_WHAT IS EXPECTED_
Lines from the one containing "048 他们的相处好有意思！-第50话" through the last line of the data are to be returned exactly, both ends included, minus any pictures.

_RECORDED INFORMATION_
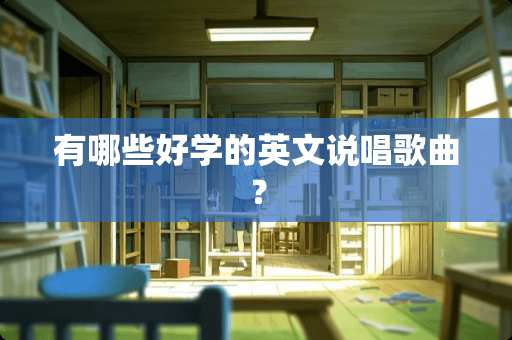 有哪些好学的英文说唱歌曲？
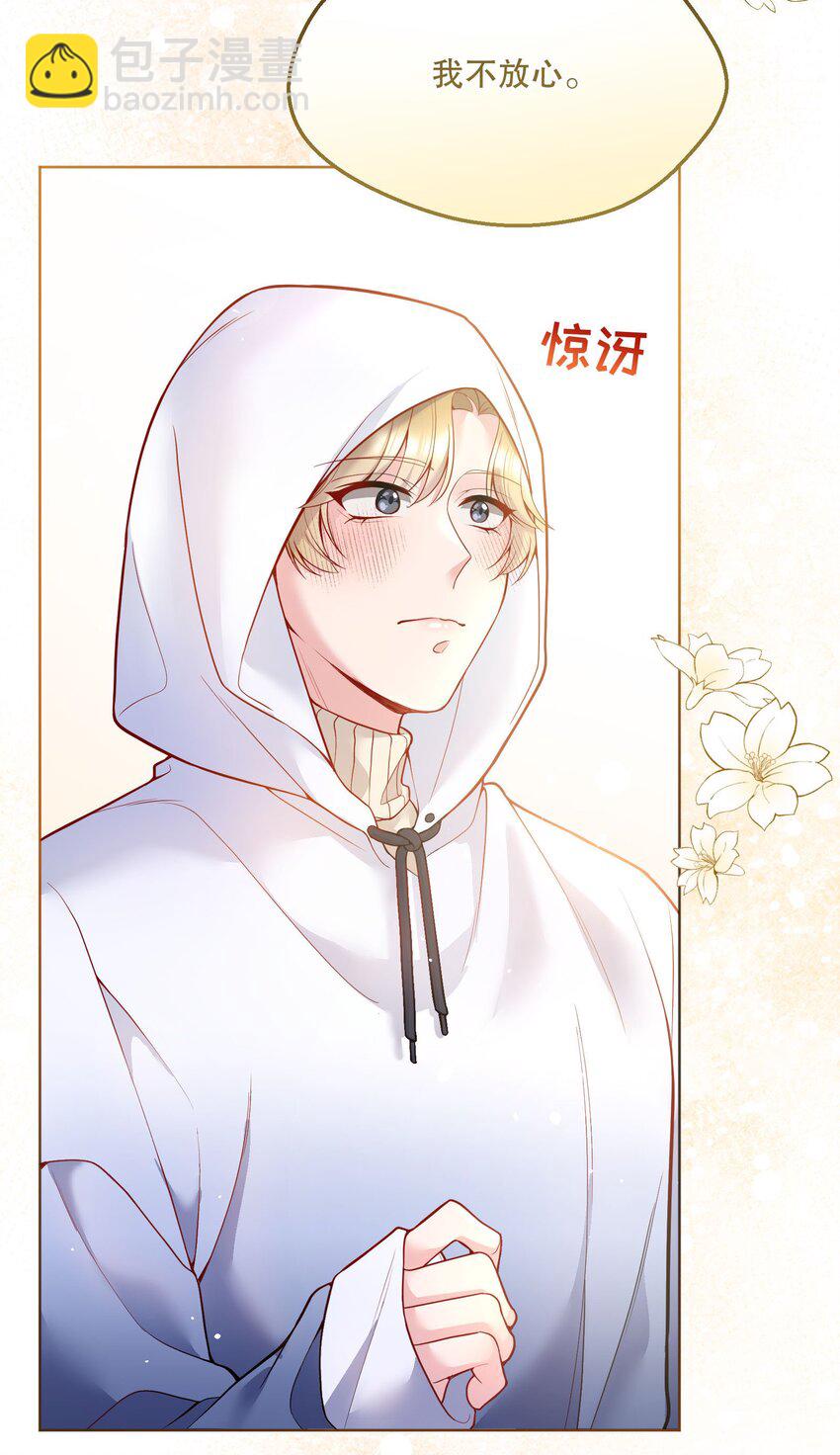 048 他们的相处好有意思！-第50话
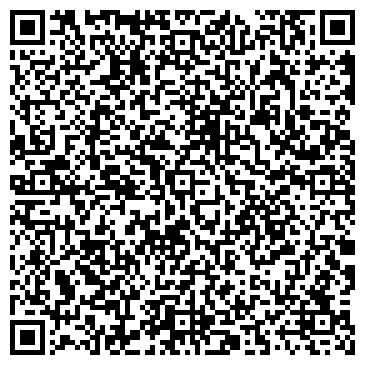 QR-код с контактной информацией организации ООО Сантэк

_RESULT BELOW_
 048 他们的相处好有意思！-第50话
 QR-код с контактной информацией организации ООО Сантэк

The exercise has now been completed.